A possibly three-month slog to draw new Monroe County Legislature election districts was slated to begin today with the first meeting of a special commission charged with devising a plan. 

The kickoff marks the first test of Legislature President Sabrina LaMar’s self-proclaimed mission to foster a new bipartisan spirit among the county’s often hyper-partisan lawmakers.

Characterizing her move to decamp from the Legislature’s Democratic Caucus to the GOP’s as a “reach across the aisle,” LaMar gained Republican county lawmakers’ support for her election as president with the GOP Caucus’ full backing. 

LaMar, who remains registered as a Democrat, ascended to the presidency with no Democratic support. All of the 14 other Democratic county lawmakers voted for Rochester Democrat Yversha Roman. 

While stating that she has no intention of switching parties, as Legislature president and a member of the body’s GOP Caucus, LaMar so far has appointed only Republicans to head Legislature committees and no longer sits with Democratic colleagues in Democratic Caucus meetings.  

The redistricting push promises to be an early test of LaMar’s stated resolve to work across the aisle and of her ability to mend fences with Democrats, many of whom have not looked kindly on her decision to ally with Republicans, a move she made as a member of a Democratic Party subgroup calling itself the Black and Asian Caucus.   

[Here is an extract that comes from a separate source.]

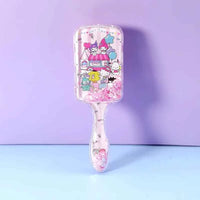 Cartoon Sanrio Air Cushion Comb Kuromi Cinnamoroll MyMelody Anime Girl Kawaii Comb Cartoon Square Massage Comb Accessories style 12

“We’ve seen nationally what happens when Democratic officials won’t work with their own colleagues and become a rubber stamp for the Republican agenda. It would be a shame for residents in Legislator LaMar’s district and throughout the County for that dysfunction to continue here,” said Monroe County Democratic Committee chair Zach King in a Jan. 3 statement.

A key appointment

In an interview this week, LaMar said she believes that any rifts that may have been created between her and members of her own party are being healed and that often too much is made of the gulf between the parties.

“There is a preconceived notion that the parties don’t work together,” says LaMar. 

Sabrina LaMar

Over her own several terms as a county lawmaker, she notes, “we went across the aisle 96 times.”

As to any animus between LaMar and her fellow Legislature Democrats, she says, “we are rebuilding relationships.” Several Democrats on the body are newly elected and have not been parties to “the old bickering.” 

LaMar’s March 8 appointment of the current redistricting commission follows Democratic County Executive Adam Bello’s veto of an electoral district map drawn and approved last year by the Legislature’s GOP majority and the Black and Asian Caucus. 

If the commission fails to come up with a new plan by the June deadline or Bello again vetoes the plan it recommends, drawing new county election district lines would fall to a state court.

LaMar, who did not serve on the commission that drew the now-discarded 2021 map, notes that she and other members of the breakaway faction voted for the previous map only after it was amended to reflect concerns she and her fellow breakaway Democrats had with city-district lines.

Those adjustments were made as part of a deal between the Black and Asian Caucus and Republicans that did not involve the commission’s Democratic members, says Josh Bauroth, a former county lawmaker, who represented a Rochester district and served on the 2021 commission. 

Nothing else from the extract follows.